# Crazy looking trace plots, what's the matter?

Hey guys,

what could be the matter, when my trace plots look like this?

Annika

Can you please post the model?

Sigma is probably to high and you model might need better priors.

1. Check R hat (or trace plot) using only one chain,
2. Using one chain, check each chain exactly converges or not via trace plot
3. If each chain converges, then it is label switching, and model has problem.
If label switching, increasing number of MCMC iterations gives such jump only one chain.
4. If each chain does not converges, then the model has a problem.
5. Try different seeds, then if it converges in some seed, then it has hope.
1 Like

I already tried different priors… so i thinks it’s a different problem. It’s a mixed model and so i think it’s the converge-problem jean_billie talks about.

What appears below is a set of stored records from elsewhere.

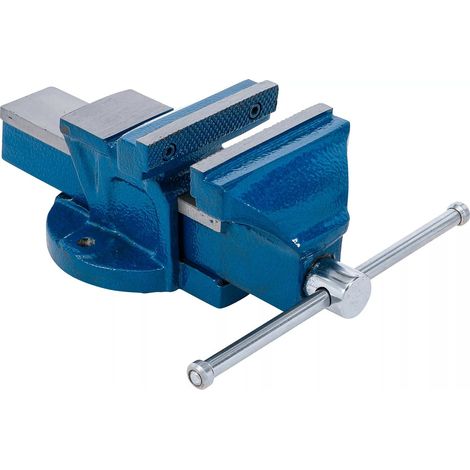 BSG Schraubstock 100mm - Parallelschraubstock mit Amboss + gehärtete Spannbacken, Spezialguss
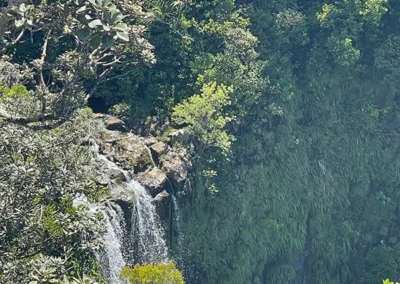 Mauritius im Süden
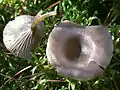 !Clitocybe metachroa!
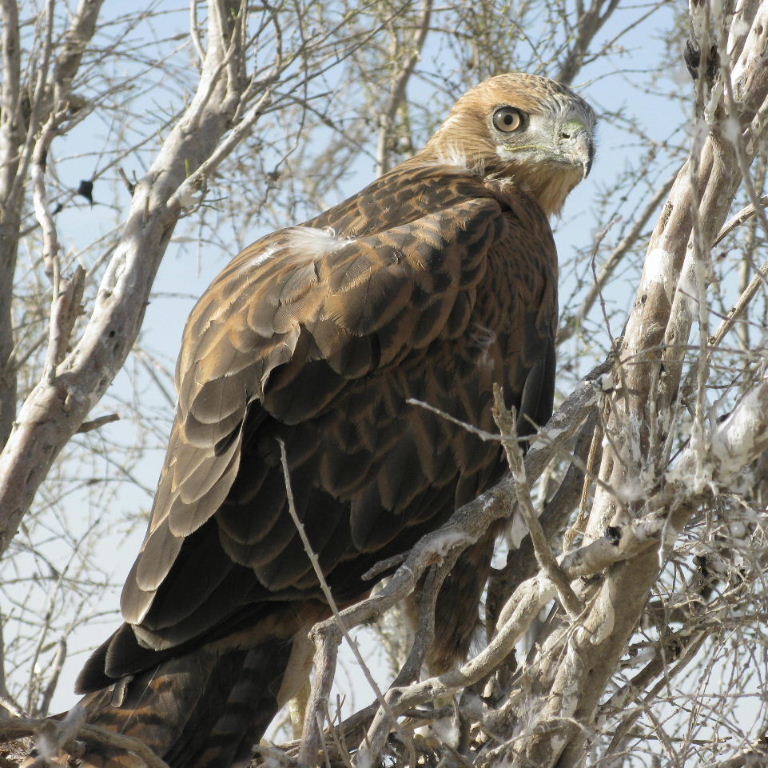Long-legged Buzzard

Thanks Jean_Billie! I tried one chain… i’m don’t really know sth about this converge-topic. now the trace-lots look like this:

Does it mean that it converges? Yeah, doesn’t it? I searched for example trace plots but i didn’t really find some.

Here is the pairs-plot:

I tried also double of the iteartions from 1000 to 2000… the traceplots didn’t really change to lower iterations.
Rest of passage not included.